Issue in trial and error method :
For example, for one of the gwas file (trait A) I ran celltype per scRNA-seq dataset for step 1, 2 & 3 and could figure out the which datasets were throwing error. And since I am doing a comparative analysis I am supposed to chose similar scRNA-seq datasets for all my gwas files. And thus I ran celltype analysis for my other gwas file (trait B) with only those scRNA-seq datasets which successfully returned results for trait A. However, what was surprising for me was this job failed because of Error:Timeout.
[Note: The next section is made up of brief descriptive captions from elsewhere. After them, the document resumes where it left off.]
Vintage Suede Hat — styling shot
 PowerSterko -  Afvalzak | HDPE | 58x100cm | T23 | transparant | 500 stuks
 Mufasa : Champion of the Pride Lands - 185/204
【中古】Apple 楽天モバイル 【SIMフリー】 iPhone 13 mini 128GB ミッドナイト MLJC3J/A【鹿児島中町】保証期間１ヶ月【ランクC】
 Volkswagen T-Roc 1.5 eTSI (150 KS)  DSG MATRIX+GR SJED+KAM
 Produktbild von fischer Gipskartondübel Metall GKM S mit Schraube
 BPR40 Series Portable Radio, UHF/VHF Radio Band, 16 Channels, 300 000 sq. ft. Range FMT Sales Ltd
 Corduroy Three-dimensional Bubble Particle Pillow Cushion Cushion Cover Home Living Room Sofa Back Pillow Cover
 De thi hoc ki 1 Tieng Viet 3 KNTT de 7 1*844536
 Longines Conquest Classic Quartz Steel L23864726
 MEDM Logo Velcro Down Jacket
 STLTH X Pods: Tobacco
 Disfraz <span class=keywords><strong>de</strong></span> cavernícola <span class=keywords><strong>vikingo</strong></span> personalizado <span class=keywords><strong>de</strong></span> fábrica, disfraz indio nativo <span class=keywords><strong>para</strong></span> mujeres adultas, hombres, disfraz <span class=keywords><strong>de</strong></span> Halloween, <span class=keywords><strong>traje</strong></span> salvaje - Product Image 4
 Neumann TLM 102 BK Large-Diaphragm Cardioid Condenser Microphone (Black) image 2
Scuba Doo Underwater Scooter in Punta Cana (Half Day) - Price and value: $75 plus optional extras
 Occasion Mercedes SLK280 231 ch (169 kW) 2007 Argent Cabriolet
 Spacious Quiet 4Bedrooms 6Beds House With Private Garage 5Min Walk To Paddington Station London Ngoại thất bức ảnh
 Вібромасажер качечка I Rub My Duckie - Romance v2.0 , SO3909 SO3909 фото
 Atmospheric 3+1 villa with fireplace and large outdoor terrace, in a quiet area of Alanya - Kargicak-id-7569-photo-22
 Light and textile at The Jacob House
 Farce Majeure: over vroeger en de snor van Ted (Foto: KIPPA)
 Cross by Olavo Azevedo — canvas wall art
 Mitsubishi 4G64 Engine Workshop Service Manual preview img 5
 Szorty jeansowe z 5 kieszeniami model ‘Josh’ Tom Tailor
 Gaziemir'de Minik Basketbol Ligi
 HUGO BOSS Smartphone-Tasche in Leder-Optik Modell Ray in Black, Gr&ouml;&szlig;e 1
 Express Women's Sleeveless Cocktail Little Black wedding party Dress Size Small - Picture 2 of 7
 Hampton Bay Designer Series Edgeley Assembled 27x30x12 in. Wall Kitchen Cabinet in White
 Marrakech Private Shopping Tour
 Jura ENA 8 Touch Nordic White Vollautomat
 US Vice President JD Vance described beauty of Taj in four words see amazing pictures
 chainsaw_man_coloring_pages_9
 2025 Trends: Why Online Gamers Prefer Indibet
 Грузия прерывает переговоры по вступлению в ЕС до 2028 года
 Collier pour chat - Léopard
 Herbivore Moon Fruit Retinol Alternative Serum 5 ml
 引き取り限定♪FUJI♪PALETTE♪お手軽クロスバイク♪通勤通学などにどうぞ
I thought maybe its because I'm choosing all three steps, so I ran same gwas file just for step 1 (Job ID : 707563), and it still failed with same Error:Timeout, but when I ran the same gwas file for all the scRNA-seq datasets (Brain) without excluding anything (Job ID : 707698) it produced results without any error. How can taking less number of celltype datasets take more time compared to larger set of celltype datasets?
Doubts while running locally :
At first I tried to run Step 1 via web server since step 1 was producing results without throwing any error when all Brain celltype dataset were selected, and then using those {ds}.gsa.out files to run step 2&3 locally. I was trying to run step 2&3 locally from step 1 outputs already generated by FUMA web-server. Since I already had {ds}.gsa.out files, I ran fuma_celltype_postStep1.R which returned magma_celltype_Step1.txt and magma_celltype_Step1_sig.txt for all the scRNA-seq dataset of interest altogether.
step1_outputs : had all {ds}.gsa.out files
magmadir : had magma executable
celltype_filtered : all the preprocessed scRNA-seq datasets of interest (excluding problematic datasets from trait A trials)
datasets_used.txt : a list of datasets used to create celltype_filtered
(ls step1_outputs/magma_celltype_*.gsa.out | sed 's/.*magma_celltype_//' | sed 's/.gsa.out//' > datasets_used.txt)
Now I am confused if I had to run fuma_celltype_postStep1.R for each region as listed in FUMA web-server e.g. Allocortex, Cerebellum, Hippocampus etc., since the flowchart mentions {per region} and then to run combine_step1_all_regions.py. Can't I use my fuma_celltype_postStep1.R outputs for create_parent_ds_input.py directly?
Also does this mean I have to keep processed scRNA-seq dataset in sub-directories as per FUMA web-server and not all celltype datasets in single directory like I did in celltype_filtered ?
i.e. am I supposed to do this?
base_dir/
└── TRAIT_A/
├── forebrain/ # {ds}.gsa.out for celltype datasets in forebrain
│ ├ magma_celltype_step1_sig.txt
│ └ celltype/*.txt # filtered pre-processed celltype datasets
├── thalamus/ # {ds}.gsa.out for celltype datasets in thalamus
│ ├ magma_celltype_step1_sig.txt
│ └ celltype/*.txt # filtered pre-processed celltype datasets
└── ...
Currently I have :
fuma_celltype/
├ step1_outputs/ # {ds}.gsa.out for all brain celltype datasets
├ celltype_filtered/ # filtered pre-processed celltype datasets
I would really appreciate a bit of guidance here. Thanks beforehand for the time and consideration.